You may not be the only person trying to get your tax refund from the IRS this tax season.

Identity thieves are stealing people's Social Security numbers and other key pieces of personal information in order to file a fraudulent tax return and claim a refund, the IRS warned Monday.


The scammers typically file the fraudulent return early in the season, beating you to the punch. And when you file, that may be the first time you learn your identity has been stolen.

If you're owed a refund and have had your identity stolen, you will have to wait until your case is resolved before the IRS can cut you a check. That typically takes about four months, according to the IRS.

The agency, however, has been taking several steps to prevent fraudulent returns from being paid out. It said it has stopped 19 million suspicious returns since 2011, protecting more than $63 billion in fraudulent returns.

Identity thieves can get your personal information in a variety of ways, the IRS said. While you can't protect yourself entirely against identity theft, you can take certain precautions to reduce your odds of being victimized.

"Taxpayers should protect their computers and only give out their Social Security numbers when absolutely necessary," said IRS Commissioner John Koskinen in a statement Monday.

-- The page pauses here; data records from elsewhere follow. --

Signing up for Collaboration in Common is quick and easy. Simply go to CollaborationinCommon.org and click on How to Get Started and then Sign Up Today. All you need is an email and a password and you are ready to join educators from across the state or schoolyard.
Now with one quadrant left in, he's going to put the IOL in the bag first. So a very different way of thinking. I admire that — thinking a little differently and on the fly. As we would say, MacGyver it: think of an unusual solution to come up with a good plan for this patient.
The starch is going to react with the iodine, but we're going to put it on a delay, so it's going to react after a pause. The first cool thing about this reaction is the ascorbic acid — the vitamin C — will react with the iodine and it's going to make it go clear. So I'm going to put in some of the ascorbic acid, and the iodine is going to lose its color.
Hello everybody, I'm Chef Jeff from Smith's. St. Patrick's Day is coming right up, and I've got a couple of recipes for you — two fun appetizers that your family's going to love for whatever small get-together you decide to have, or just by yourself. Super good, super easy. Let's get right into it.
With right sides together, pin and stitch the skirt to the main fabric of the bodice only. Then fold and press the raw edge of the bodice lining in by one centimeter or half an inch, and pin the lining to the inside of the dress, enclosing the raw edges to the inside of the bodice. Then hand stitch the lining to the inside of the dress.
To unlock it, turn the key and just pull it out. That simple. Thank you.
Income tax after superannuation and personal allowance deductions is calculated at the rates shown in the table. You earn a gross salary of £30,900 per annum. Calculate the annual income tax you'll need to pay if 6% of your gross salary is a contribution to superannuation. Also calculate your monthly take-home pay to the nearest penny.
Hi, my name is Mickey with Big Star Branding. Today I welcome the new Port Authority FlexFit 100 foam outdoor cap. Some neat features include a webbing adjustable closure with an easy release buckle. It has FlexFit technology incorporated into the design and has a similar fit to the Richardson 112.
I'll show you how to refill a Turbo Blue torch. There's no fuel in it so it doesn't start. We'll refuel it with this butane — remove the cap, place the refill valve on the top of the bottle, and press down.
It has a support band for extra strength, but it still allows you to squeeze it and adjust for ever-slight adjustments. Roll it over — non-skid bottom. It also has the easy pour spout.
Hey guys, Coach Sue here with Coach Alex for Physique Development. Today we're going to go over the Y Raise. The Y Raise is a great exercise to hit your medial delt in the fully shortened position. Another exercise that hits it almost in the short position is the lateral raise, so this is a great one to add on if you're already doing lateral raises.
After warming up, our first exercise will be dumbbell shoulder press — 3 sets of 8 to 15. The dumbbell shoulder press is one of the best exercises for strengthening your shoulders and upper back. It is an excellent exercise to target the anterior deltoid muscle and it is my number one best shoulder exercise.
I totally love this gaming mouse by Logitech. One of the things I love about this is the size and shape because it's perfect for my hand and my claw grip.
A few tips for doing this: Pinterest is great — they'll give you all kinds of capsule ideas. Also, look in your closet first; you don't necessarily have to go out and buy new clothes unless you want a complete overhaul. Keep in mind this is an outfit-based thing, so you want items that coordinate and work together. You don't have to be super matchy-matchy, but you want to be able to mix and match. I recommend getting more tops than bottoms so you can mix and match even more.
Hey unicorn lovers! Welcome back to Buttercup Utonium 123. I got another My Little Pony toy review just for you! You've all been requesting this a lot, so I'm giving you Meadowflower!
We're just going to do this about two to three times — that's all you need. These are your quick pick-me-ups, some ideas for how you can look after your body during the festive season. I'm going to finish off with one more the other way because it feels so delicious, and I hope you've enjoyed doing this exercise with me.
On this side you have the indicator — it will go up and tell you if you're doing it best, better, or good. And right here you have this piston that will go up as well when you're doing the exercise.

More specifically, the IRS recommends that you do not carry with you either your Social Security card or any documents with your Social Security number or Individual Taxpayer Identification Number (ITIN) on them. And just because a business or doctor's office asks you for those numbers doesn't necessarily mean you have to give them. (Here's guidance from the Privacy Rights Clearinghouse on when you should not share your Social Security number.)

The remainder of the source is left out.